**Work instruction:** From the first line to the last, output the data exactly as it stands, minus its pictures.

**Source material:**
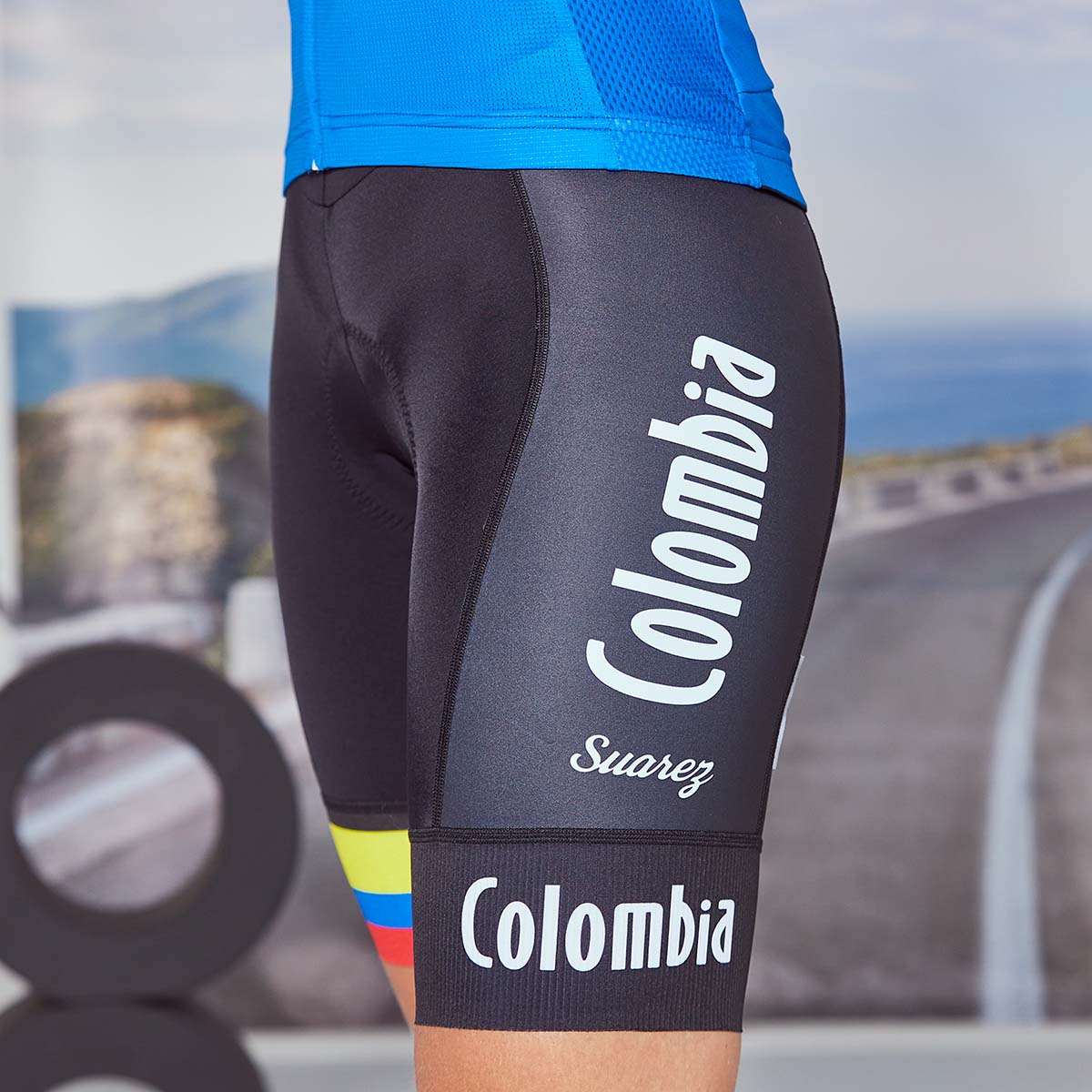 PANTALONETA MUJER C/T COLOMBIA FEDERACION 2021 2.0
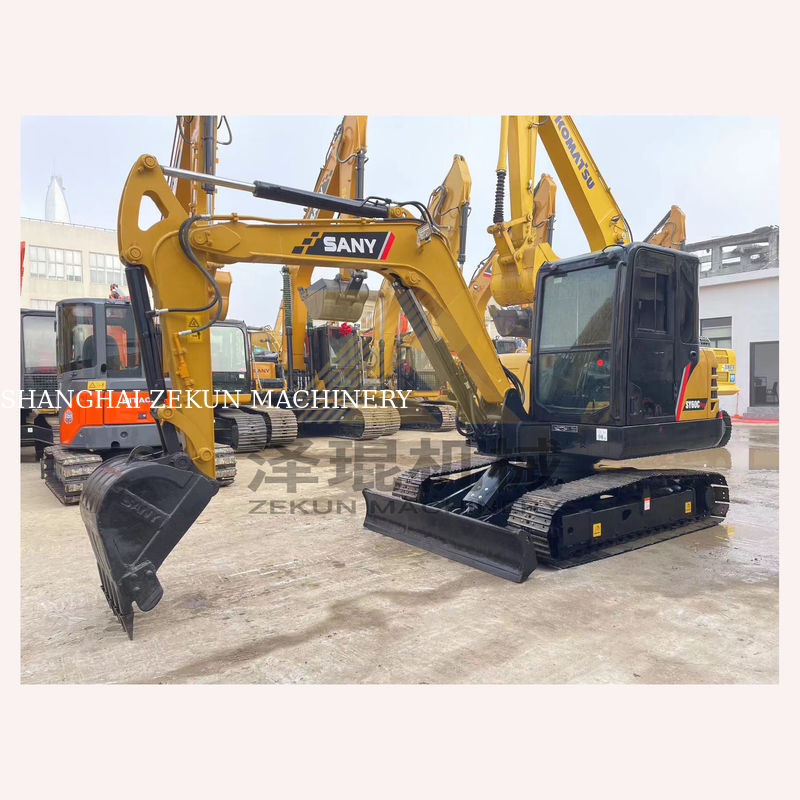 Kullanılmış Sany SY60C Pro Excavator 60C Mükemmel Performans ve 0-2000 Çalışma Saatleri ile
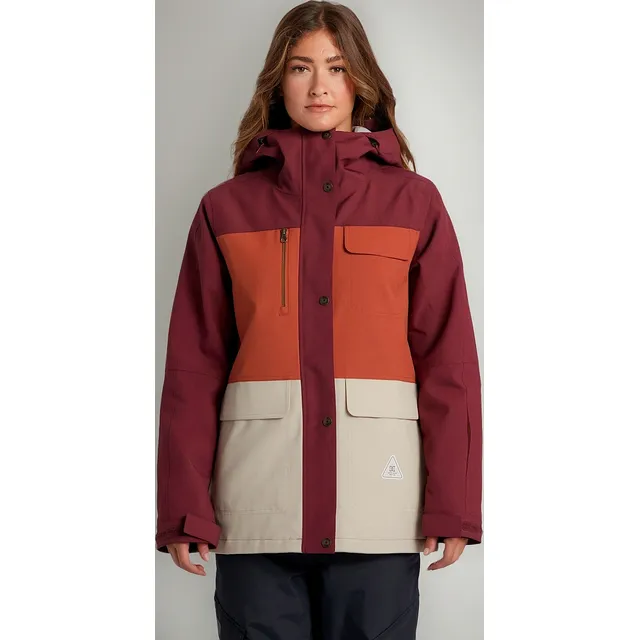 Campera Dc Shoes Liberate 15k Snowboard Ski Impermeable Muje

**Task solution:**
 PANTALONETA MUJER C/T COLOMBIA FEDERACION 2021 2.0
 Kullanılmış Sany SY60C Pro Excavator 60C Mükemmel Performans ve 0-2000 Çalışma Saatleri ile
 Campera Dc Shoes Liberate 15k Snowboard Ski Impermeable Muje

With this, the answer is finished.